Moss doesn’t like competition from weeds, like grass, neither does it like leaf litter. Show it a bit of love in this direction and it’ll repay you handsomely!

Some folks use weed killer to get moss off the lawn, if you have this problem do consider switching to a moss lawn, they are hard wearing and very attractive. For larger areas, like a lawn, lay it like polka dots and eventually it’ll grow over the gaps. But be warned, it is slow growing.




4 thoughts on “How to make a moss garden”

    • It would, but it may take an absolute age to become beautiful. Moss spreads best on flat smooth surfaces, kinda the oposite of the blades of artificial turf. Having said this, I recon once it is fully spread over the artificial lawn it will look fantastic. Perhaps even look like the very mature deep moss found in temperate rainforests?

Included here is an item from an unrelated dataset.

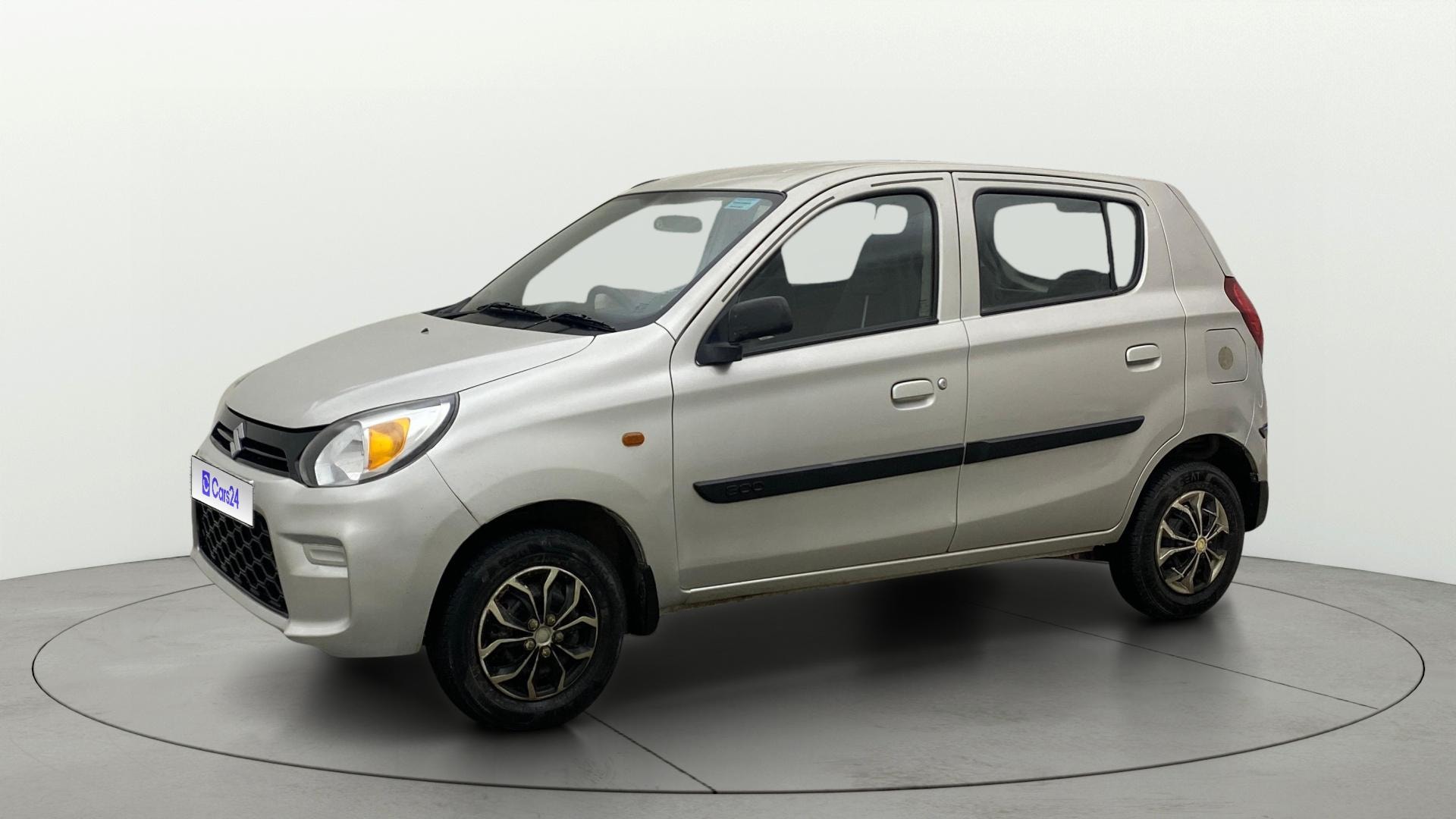 View 2023 Maruti Suzuki 1000 Base Variant Image 34 Used 2023 Maruti Suzuki 1000 Base Variant Image 34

      It just might take a while to get there though. I’d love to see it in a couple of years!

  1. I had patches of moss in the garden that was not planted, it just arrived. I believe it’s common striated feather moss, but I could be wrong.

    I decided not to rake it out for a few months over the winter of 2021/22 and was then intrigued to see that the grass suffered in 2022’s drought, but the moss stayed green. It’s now (March 2023) covering a good 50% of the garden and I’m just going to let it take over and only remove it from the flower beds. Less mowing, it seems to stay green, bulbs grow through it and I find it pleasantly spongey to walk on.

    Just hope I don’t live to regret this…

    • I don’t think you’ll regret it!

      For one thing if you try and grow moss where it isn’t suited, it will fail (and so it won’t take over). and for another thing, it tends to grow where it wants, even if you try your hardest to stop it!

      It sounds gorgeous to me, hope it brings you years of enjoyment.